五百城文哉筆「アオキランの図]」(高知県立牧野植物園所蔵)

 牧野は高山植物にどのような興味を持ったのであろうか。「農事新報」(第12巻第10号、1918年)に掲載された「高山植物に就いて」という記事を見てみよう。そこではまず名称の概念から説明する。高山植物というのは高山にのみ生育するから名付けたと考えると誤りで、平地にも海岸にも見られる。寒帯では平地に生じるので、寒地植物という方が適切かもしれない。温帯にあれば高山に見いだすのでこのように称したものであろうから、明確に表すには「高山型植物」とか「高山式植物」と呼びたい。こう述べる。
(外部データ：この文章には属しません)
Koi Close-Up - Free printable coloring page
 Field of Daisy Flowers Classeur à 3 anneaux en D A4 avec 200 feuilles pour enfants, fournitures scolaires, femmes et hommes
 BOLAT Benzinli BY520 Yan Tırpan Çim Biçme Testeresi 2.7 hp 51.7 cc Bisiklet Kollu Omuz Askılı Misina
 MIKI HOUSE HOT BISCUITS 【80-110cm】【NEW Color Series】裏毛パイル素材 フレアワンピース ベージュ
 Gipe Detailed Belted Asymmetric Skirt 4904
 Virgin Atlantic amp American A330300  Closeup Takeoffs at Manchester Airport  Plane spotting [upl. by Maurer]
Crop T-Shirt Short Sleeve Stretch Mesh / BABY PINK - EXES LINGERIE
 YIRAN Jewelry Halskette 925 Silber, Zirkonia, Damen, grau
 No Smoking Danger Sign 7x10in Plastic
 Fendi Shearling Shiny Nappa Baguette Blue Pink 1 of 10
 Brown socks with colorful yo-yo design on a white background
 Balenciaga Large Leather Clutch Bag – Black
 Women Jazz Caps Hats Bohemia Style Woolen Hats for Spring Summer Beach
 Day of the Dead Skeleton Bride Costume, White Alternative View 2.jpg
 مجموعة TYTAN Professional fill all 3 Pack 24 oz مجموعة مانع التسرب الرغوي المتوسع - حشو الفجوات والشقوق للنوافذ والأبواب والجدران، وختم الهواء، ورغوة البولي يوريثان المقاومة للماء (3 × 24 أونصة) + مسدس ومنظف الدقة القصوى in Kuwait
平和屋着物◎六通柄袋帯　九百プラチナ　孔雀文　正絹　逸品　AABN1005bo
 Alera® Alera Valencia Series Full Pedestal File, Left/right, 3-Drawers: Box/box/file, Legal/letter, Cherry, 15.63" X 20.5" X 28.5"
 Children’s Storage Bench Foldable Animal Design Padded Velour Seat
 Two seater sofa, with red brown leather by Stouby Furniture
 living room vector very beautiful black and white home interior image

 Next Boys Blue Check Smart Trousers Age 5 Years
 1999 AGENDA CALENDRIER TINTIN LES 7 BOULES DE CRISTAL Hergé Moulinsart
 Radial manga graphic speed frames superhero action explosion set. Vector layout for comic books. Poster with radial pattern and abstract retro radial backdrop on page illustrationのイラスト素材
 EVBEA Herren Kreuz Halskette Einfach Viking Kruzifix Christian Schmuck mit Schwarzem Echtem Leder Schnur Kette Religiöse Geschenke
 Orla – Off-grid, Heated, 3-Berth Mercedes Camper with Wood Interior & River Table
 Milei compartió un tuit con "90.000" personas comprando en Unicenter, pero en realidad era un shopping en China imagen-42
 高山植物研究のどこに興味が持たれるのかというと、高地では下界と異なって気象条件が厳しいことや広い地面がないことなど種々の条件があって、平地の研究よりも難しいところに研究の価値があるという。すなわち「親密且つ普通なる下界のそれと、近づき易からざる雲表のそれとは此の如く其研究に難易があるが、然(しか)し亦(また)、それが頗(すこぶ)る面白いのである」と述べる。さらに高山植物が生える土壌の状態を述べ、こうした環境にある高山植物がどのような特徴を持っているかを、植物の例を挙げて解説する内容となっている。